__WHAT THE TASK REQUIRES__. In the material below, the lines between the one holding "fisheye photography of silhouette tree" and the one holding "Chicaque Natural Park", inclusive, are to be set down word for word. Pictures stay out.

__DATA SHOWN__.
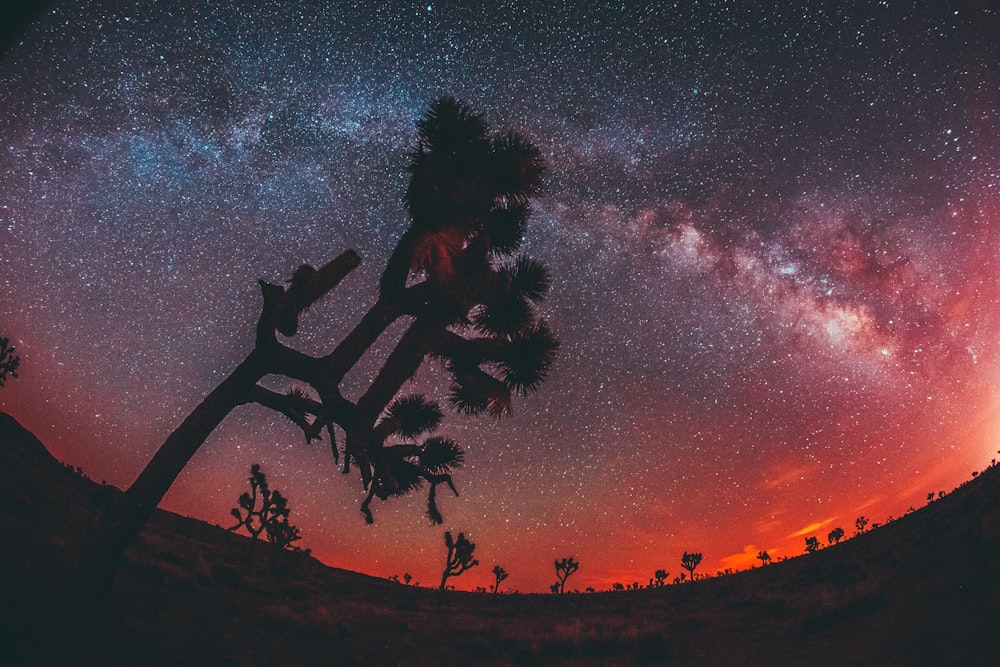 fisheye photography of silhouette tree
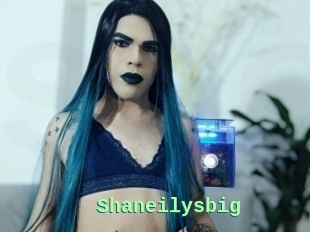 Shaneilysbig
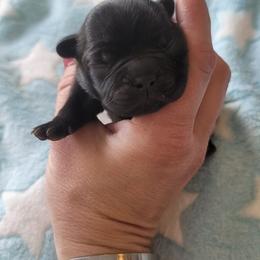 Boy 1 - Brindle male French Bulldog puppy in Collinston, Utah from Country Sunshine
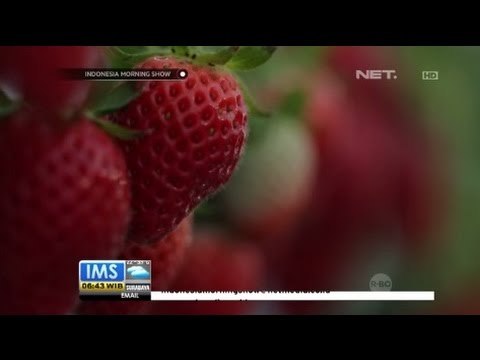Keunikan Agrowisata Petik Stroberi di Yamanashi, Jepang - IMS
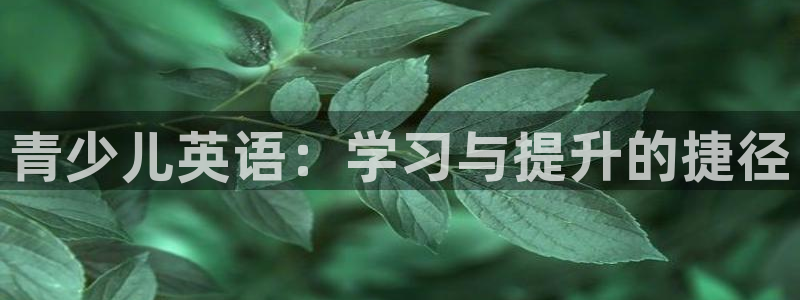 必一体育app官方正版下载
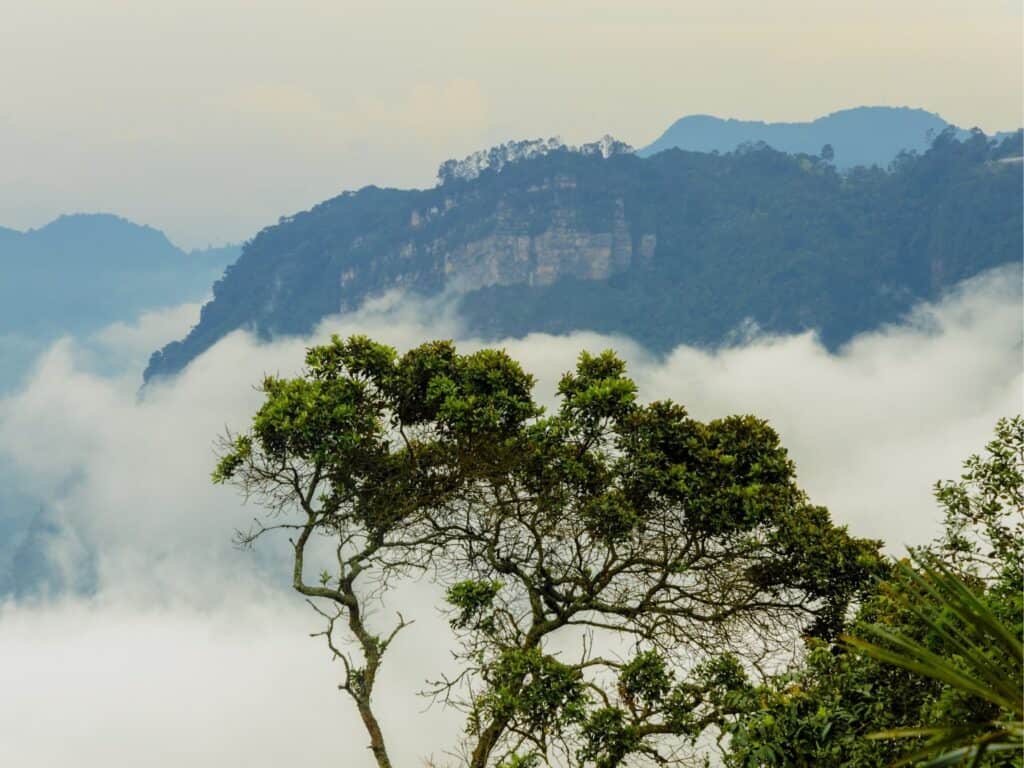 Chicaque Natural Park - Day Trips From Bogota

==

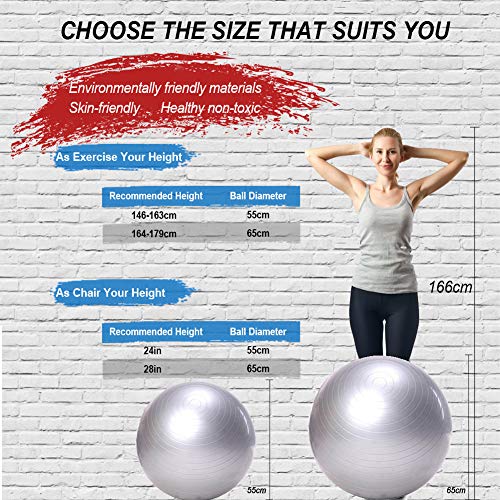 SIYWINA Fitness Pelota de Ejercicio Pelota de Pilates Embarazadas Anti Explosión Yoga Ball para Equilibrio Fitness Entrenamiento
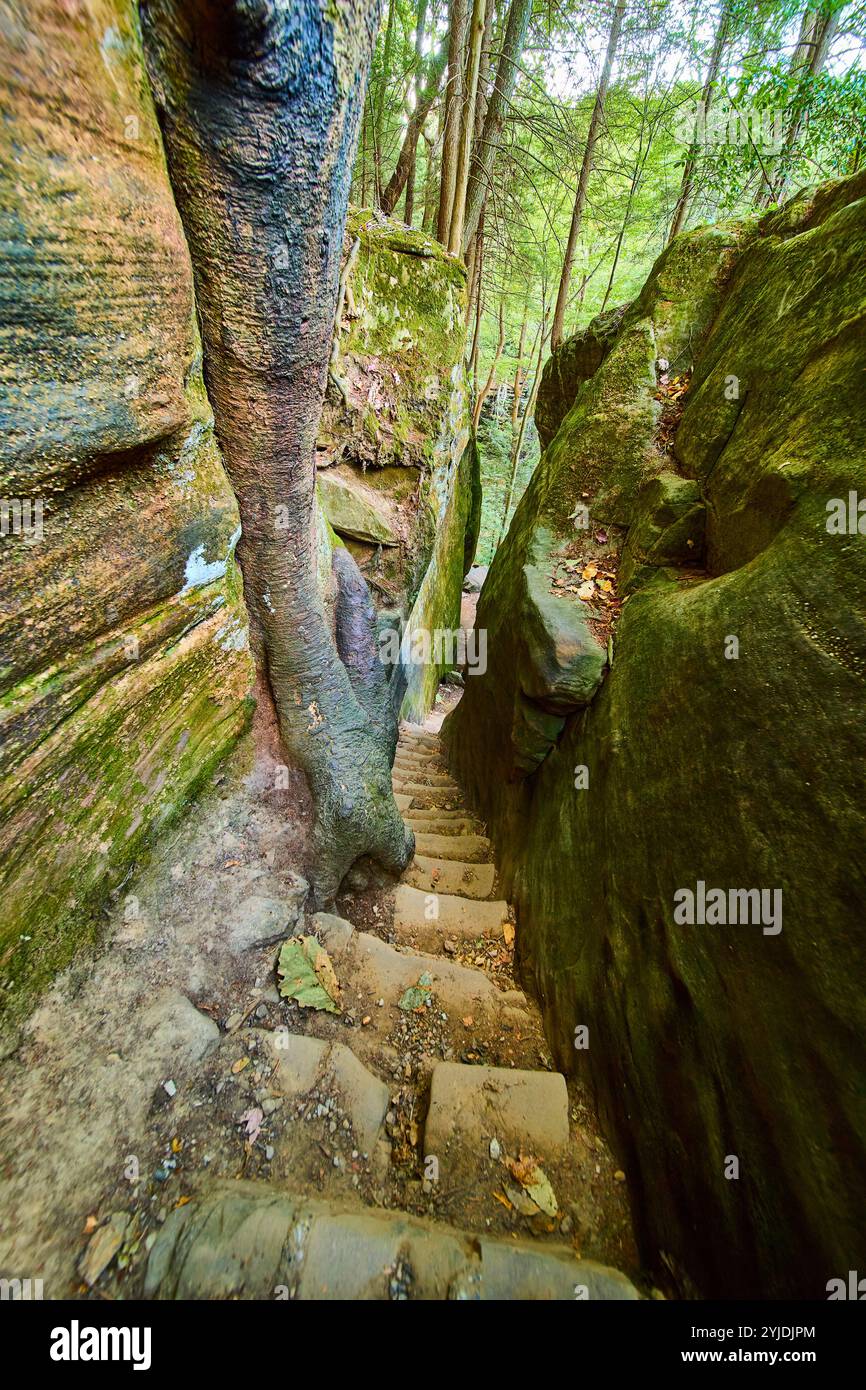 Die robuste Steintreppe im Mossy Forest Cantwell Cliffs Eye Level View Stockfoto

__ANSWER TO THE EXERCISE__.
 fisheye photography of silhouette tree
 Shaneilysbig
 Boy 1 - Brindle male French Bulldog puppy in Collinston, Utah from Country Sunshine
Keunikan Agrowisata Petik Stroberi di Yamanashi, Jepang - IMS
 必一体育app官方正版下载
 Chicaque Natural Park - Day Trips From Bogota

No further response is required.